James Heartfield Heartfield at blueyonder.co.uk
Mon Feb 22 01:16:39 PST 2010


'Althusser saw his work as an attack on Stalinism with the PCF and associated 'marxist humanism' '

This doesn't quite get the measure of Althusser's relation to the PCF leadership. On a largely philosophical plain he did challenge the extant party philosophy which did claim to be 'marxist humanist'. He argued that this 'Marxist humanism' was coeval with an accomodation to bourgeois intellectuals ('you're humanists, we're Marxist humanists, sign our petition against nuclear war'). But Althusser's was a pose of intransigence. He was only trying to get the party up to speed on the latest in Franch philosophy, which was 'anti-humanist' not 'humanist'. Why bother sucking up to Sartre, when he is old hat, you ought to suck up to Foucault and Derrida instead. Insofar as it was any kind of development, it was a regressive one, and E.P. Thompson was right on this, one that led to a mechanistic and lifeless conception of history, one in which subjectivity is dismissed as an ideological effect of capitalism, which is to say a polemic against the idea that working people make their own liberation.On the meaning of 'Stalinism' as a political category, I insist that this has a specific meaning, and its meaning is the one given it by the person who coined it, Trotsky. Trotsky meant by Stalinism the errors that flowed from the adoption of the anti-Marxist policy of 'socialism in one country', such as the degeneration of the Soviet Union, the western adoption of 'national roads to socialism' and so on.

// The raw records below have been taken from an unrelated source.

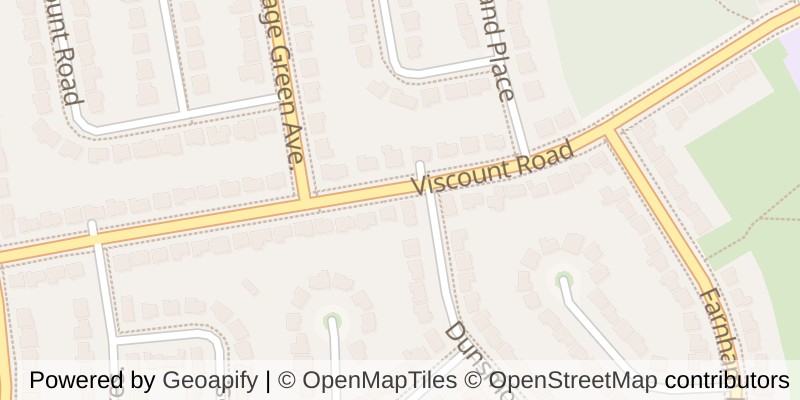 Map of 1093 VISCOUNT ROAD, London South (South M)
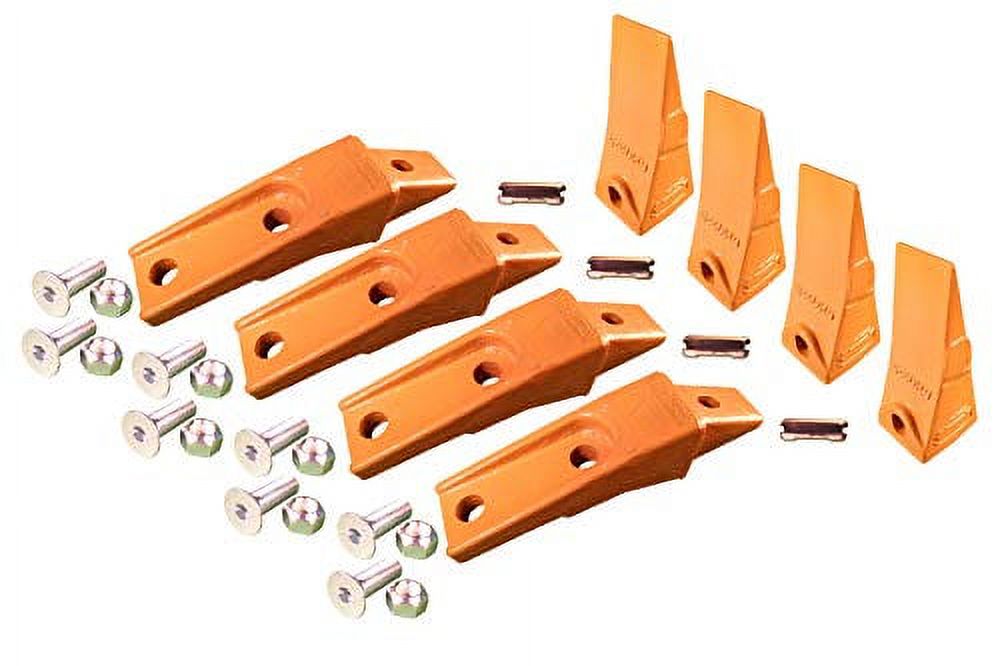 4 Style Skid Steer, Mini Excavator Bucket Teeth 6737325, BoltOn Flush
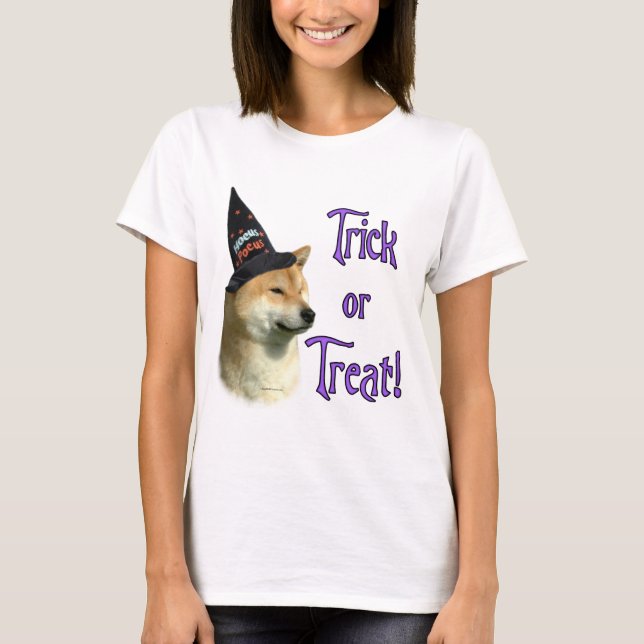 Shiba Inu Trick T Shirt (Framsida)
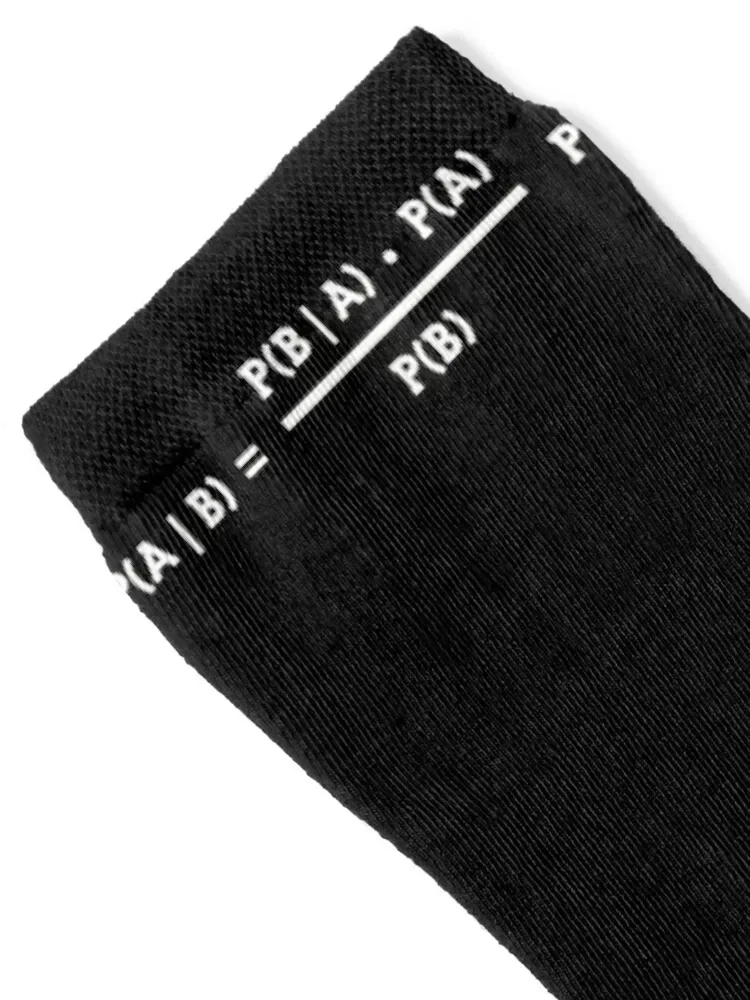 Bayes' Theorem Statistics Probability Theory Math Data Gift Socks new in's cool Thermal man winter cycling Male Socks Women's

In that camp that Trotsky called 'stalinist' there were, later on, some critics of Stalin, like Khruschev, most typically, but also Imre Nagy, Monty Johnstone, Martin Jacques and others. They used the word Stalinism in another sense to that which Trotsky used it. They did not accept Trotsky's critique of the 'national roads to socialism'. Rather they restricted their critique of Stalinism to that of his 'cult of personality' and some 'excesses' due to the persistence of 'socialist alienation'. Most of them ended up champions of the free market, or joined New Labour. There were apart from the 'reform communists', Maoists, who adopted a faux radical attack on Khruschev for his policy of cooperation with the West. Some of Althusser's followers became 'Maoists'. Some of the NLR people were sympathetic to Maoism. Maoism burned out pretty soon after Mao made peace with Nixon.

The NLR was in part a reaction against Stalinism. The Communist Party of Great Britain was a staid, if not outright reactionary organisation in the 1960s. It dedicated a lot of its time campaigning against the evils of American comics, and trying to stop rank and file activists taking over the unions. That was why the NLR came into being. Some of the people involved were Trotskyists, like Isaac Deuscher, Norman Geras and Tariq Ali. But Anderson made sure that the editorial board was never beholden to any one party, and kept a number of 'reform Communists' - like Monty Johnstone - involved, as a counterweight to the Trotskyists.

NLR readers were mostly carried away with the Althusser cult. Anderson's criticisms at the time were more muted. But he is right. Althusser was a repulsive shit, whose influence on Marxism, philosophy and radical politics was wholly detrimental.